DAY 1: MURRI – JEBEL SHAMS
Still dark, we drove to Murri, a tiny village tucked into the mountains just off Route 10 between Rustaq and Ibris, to strategically park the rental car for our return 3 days later.This was going to be our biggest day, and with somewhat unreliable estimates on just how much climbing and what terrain was to be expected, a dawn start made sure we had a buffer – which turned out to be a good call. Shortly after rolling out of Murri, the terrain changed to a narrow wadi with lots of short, sharp climbs that didn’t feature on the profile, making for slow progress.
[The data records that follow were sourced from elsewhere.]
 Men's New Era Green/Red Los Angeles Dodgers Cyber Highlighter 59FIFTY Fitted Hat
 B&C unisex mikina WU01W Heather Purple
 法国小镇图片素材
Was Google, which notoriously overstates the climbing metres, accurate after all?
As the wadi widened and the sun started peaking over the mountains, we approached a small town and a large tar road with almost no traffic, other than a few construction vehicles. Our GPS log drew a straight line over the former winding track as the road carved through the mountain side – a telling clue as to the rate of development in Oman. The country continues to invest billions of US$ into road infrastructure – and the rate at which they are going, I recommend that you visit Oman rather sooner than later, while there are still gravel roads!
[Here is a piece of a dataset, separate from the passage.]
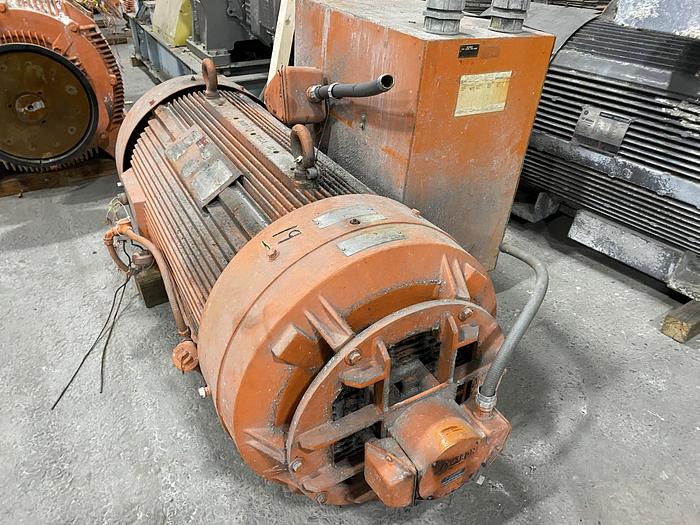 Used 500 HP AC MOTOR 1105 RPM REBUILT 2015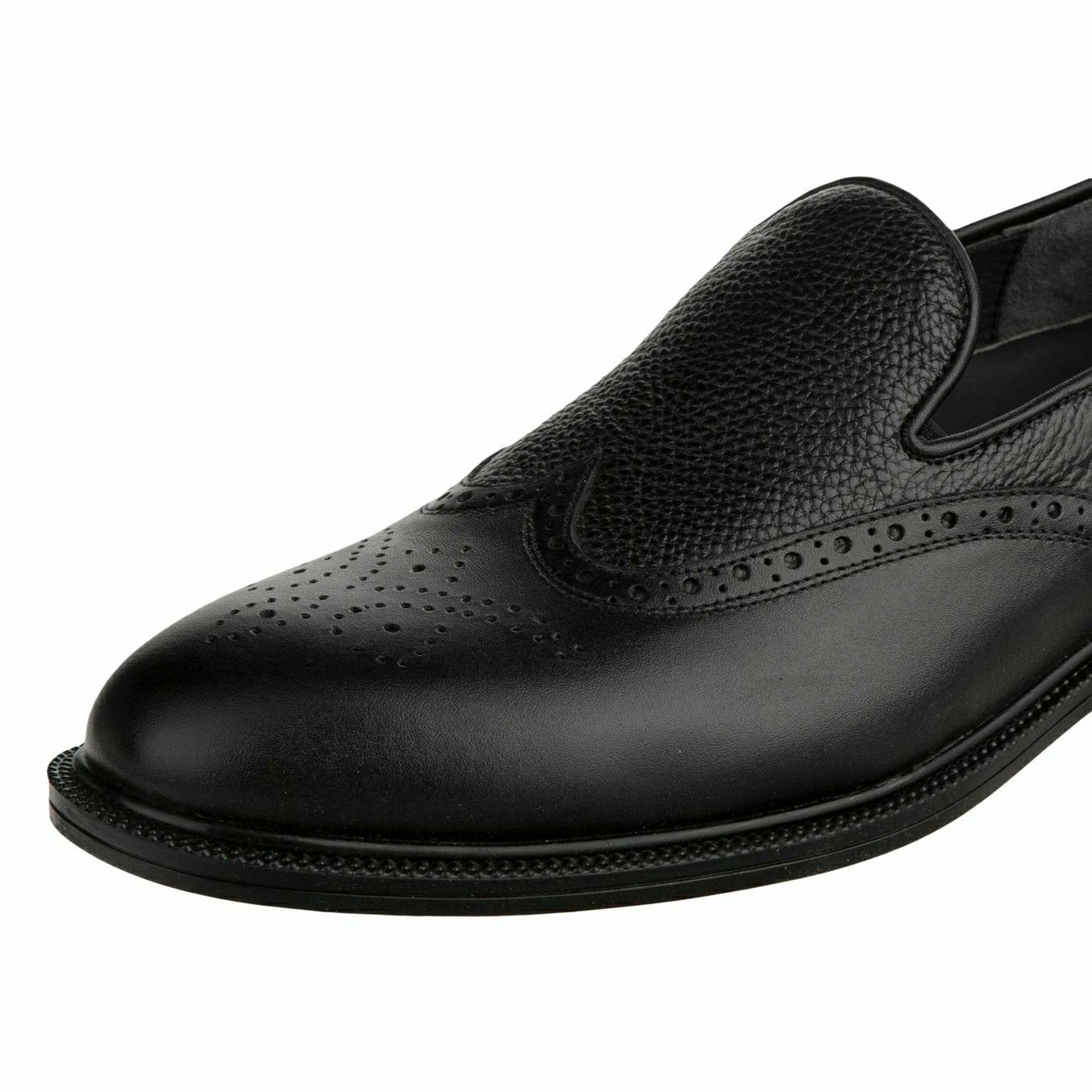 کفش مردانه بلوط مدل چرم طبیعی کد A503101 -  - 6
En route, we passed the beehive tombs of Al Ayn, dramatically lined up atop a rocky ridge, with Jebel Misht as the backdrop. The stone structures date back to 2000-3000 BC and the whole area holds UNESCO World Heritage status.
Just when we got used to the smooth riding, making good time, my cunning Google Earth short-cut turned upwards onto a 4×4 track with a loose steep descent. Oh the irony, that Neil cut his tire on a piece of glass between all the sharp rocks – that morning we had decided that carrying a spare tire for three days would be overkill, so it had remained behind in the car. Out came the tubeless plugging kit instead, which would (with some daily re-plugging) see us through to the end of the trip.
With the light waning and the final 18km and 1300m ascent up the Jebel Shams Road ahead, we wisely declined a coffee invitation of a friendly local who was intrigued with our tire fixing efforts. Initially disappointed that the first 10km of the climb are now tarred, we soon were to thank our lucky stars – this rivals European iconic climbs like Ventoux and Alp d’Huez. If it wasn’t for the final 8km stretch of gravel, it would make for a spectacular hilltop finish at the Tour of Oman – but it’s probably just a matter of time.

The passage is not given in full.